Dopo l’attentato a Trump e la rinuncia di Joe Biden alla candidatura, anche a Kiev devono aver iniziato a temere seriamente il ritorno del tycoon alla Casa Bianca. Se il sostegno di Washington dovesse venir meno, o essere ridimensionato significativamente, la situazione per i soldati ucraini sul campo precipiterebbe in breve tempo. E ciò non è materia da indovini, ma prova empirica data dalle enormi difficoltà che i reparti ucraini hanno riscontrato nei mesi in cui gli aiuti straordinari promessi da Biden erano bloccati al Congresso a causa dell’ostruzionismo dei repubblicani.

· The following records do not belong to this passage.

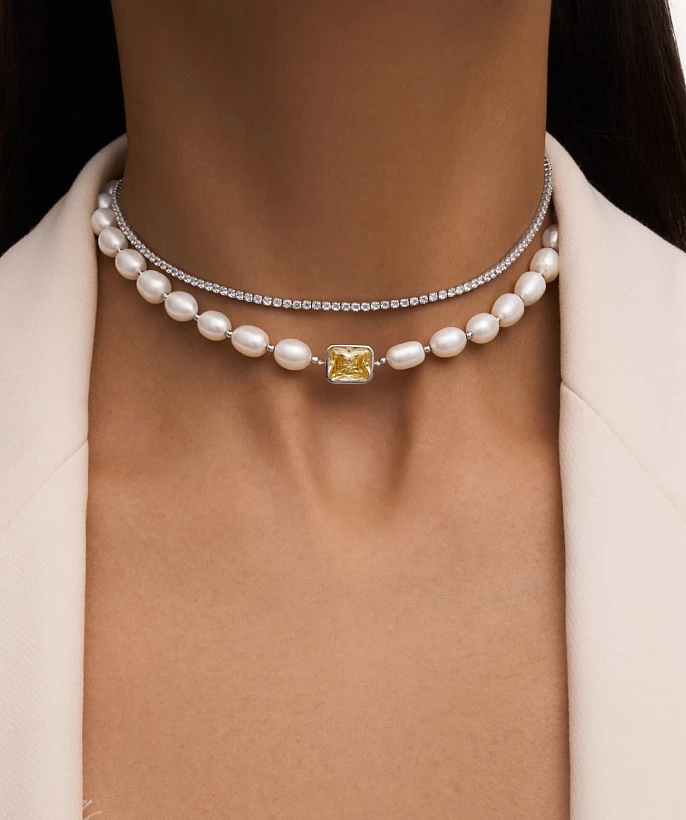 Серебряный чокер SICILIA из жемчуга с желтым фианитом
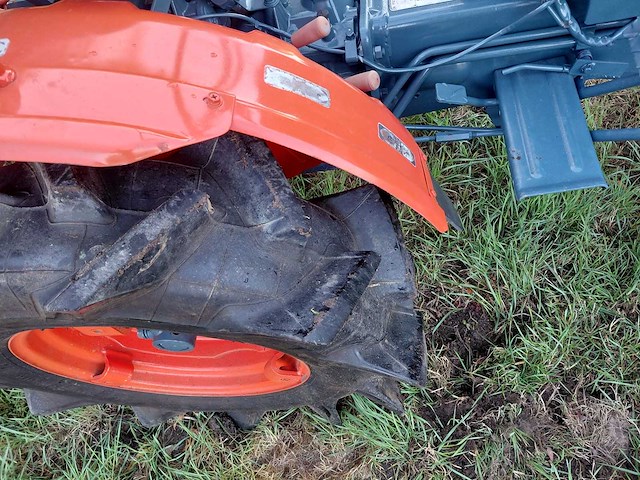 Kubota b7000 minitractor + grondfrees - afbeelding 19 van  20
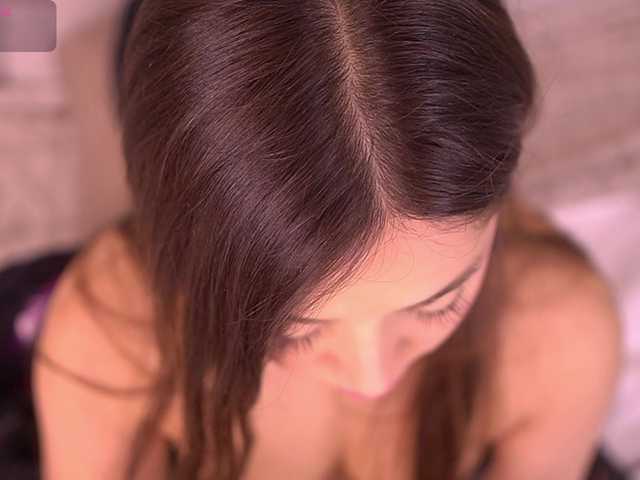MiaKay live cam on BongaCams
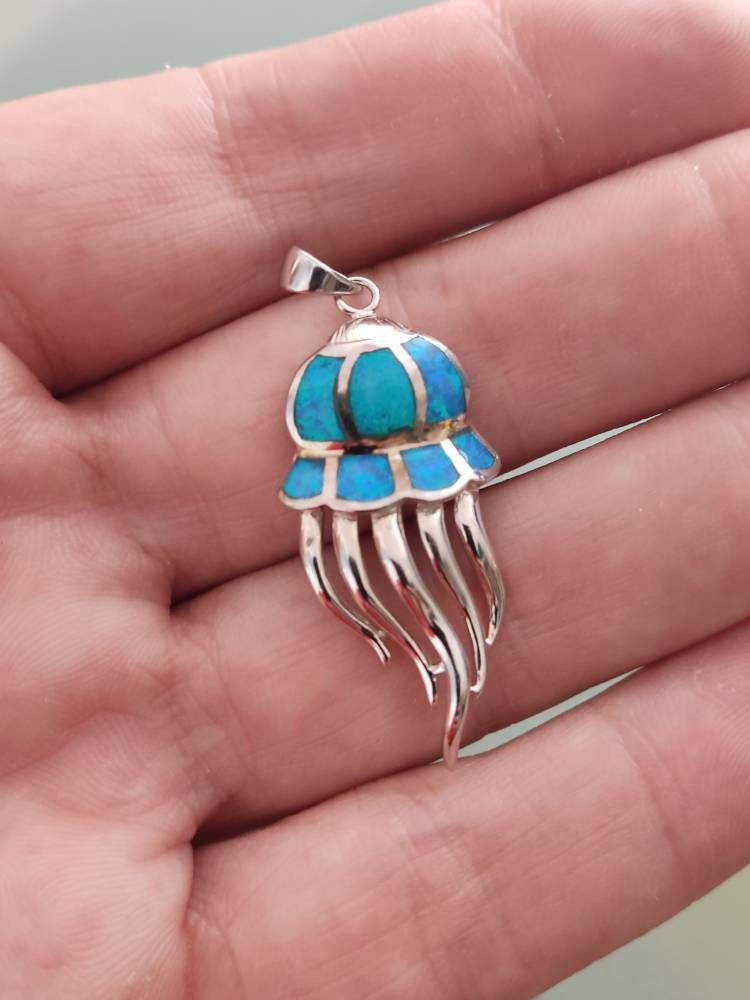 Sterling Silver 925 Jellyfish Medusa 40x12mm Opal Pendant, Jellyfish Fire Opal Pendant, Griechisches Blau Opal Anhanger, Grecque Pendetif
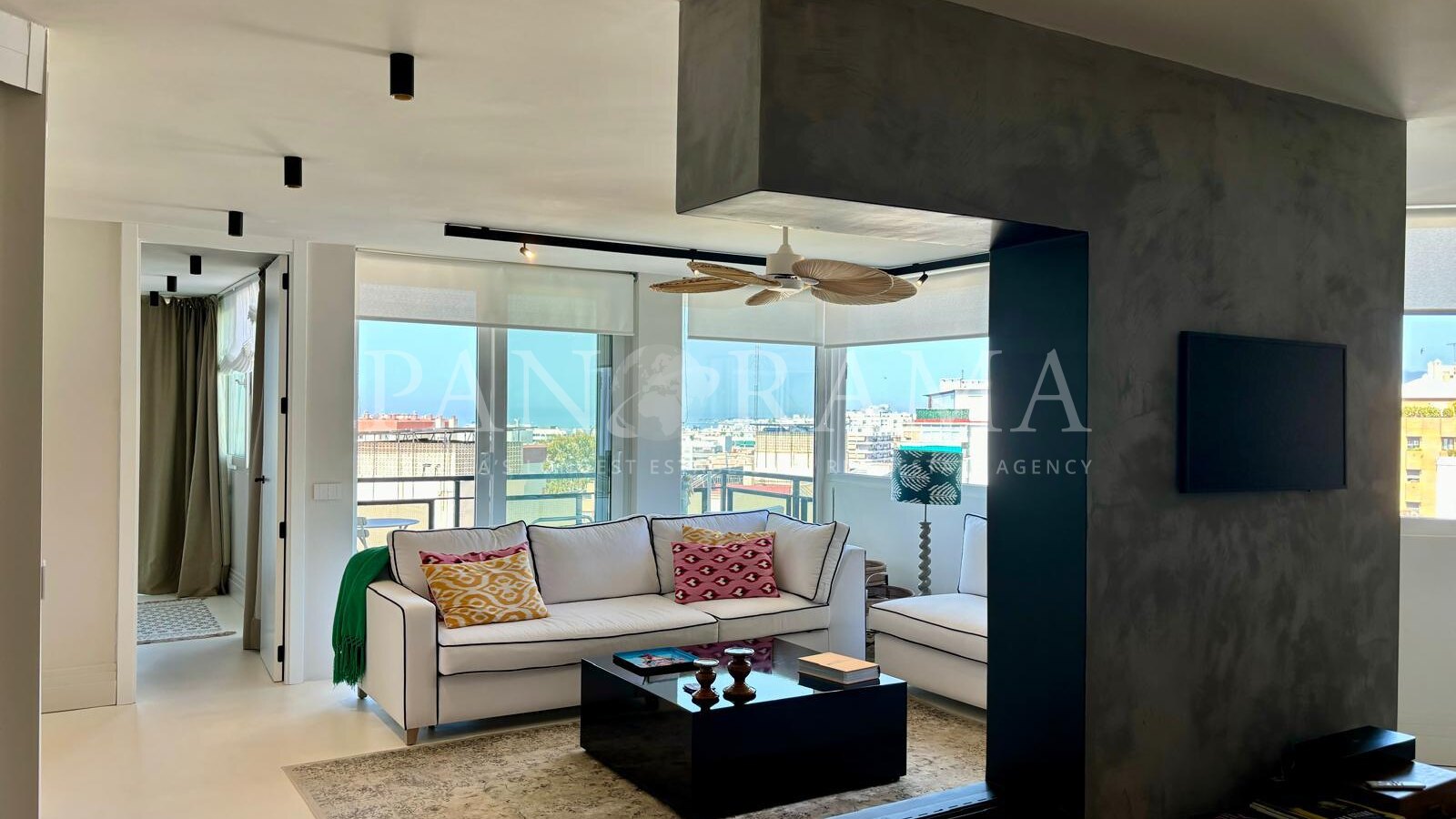 Boho-Chic city flat with panoramic sea views in Marbella centre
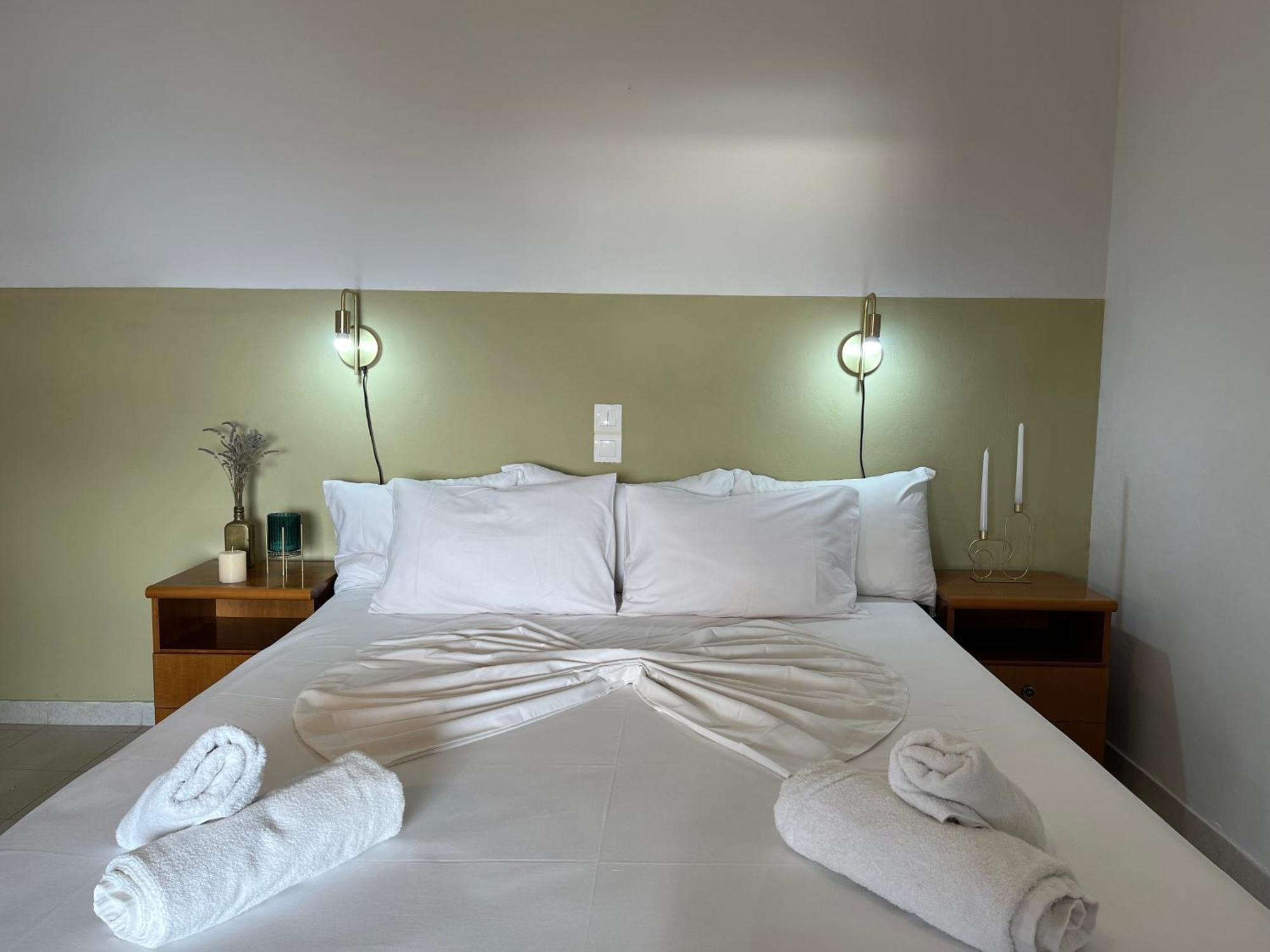 Papadatos Apts With Amazing View - 5Mins From The Beach Kontogialos Exterior photo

MUNIZIONI SCARSE, crisi energetica dovuta ai bombardamenti russi delle infrastrutture energetiche e il duro inverno alle porte fanno sì che novembre (il mese delle elezioni negli Usa) sia ormai il mese più terribile per Zelensky. Da questi timori derivano i tentativi di convocare una seconda conferenza di pace, dopo quella infruttuosa in Svizzera, alla quale questa volta siano presenti anche Russia e Cina. La visita di Kuleba a Pechino probabilmente serve proprio a questo, a sondare il terreno per trovare un mediatore, anche se evidentemente sbilanciato verso Mosca. Può darsi che la visita a sorpresa di Kuleba e Olena Zelenska a Belgrado lo scorso 12 maggio, quattro giorni dopo la trasferta del presidente cinese Xi Jinping, sia stata la prima tappa di un avvicinamento culminato nella tre giorni iniziata ieri – e il manifesto lo aveva pensato già quel giorno.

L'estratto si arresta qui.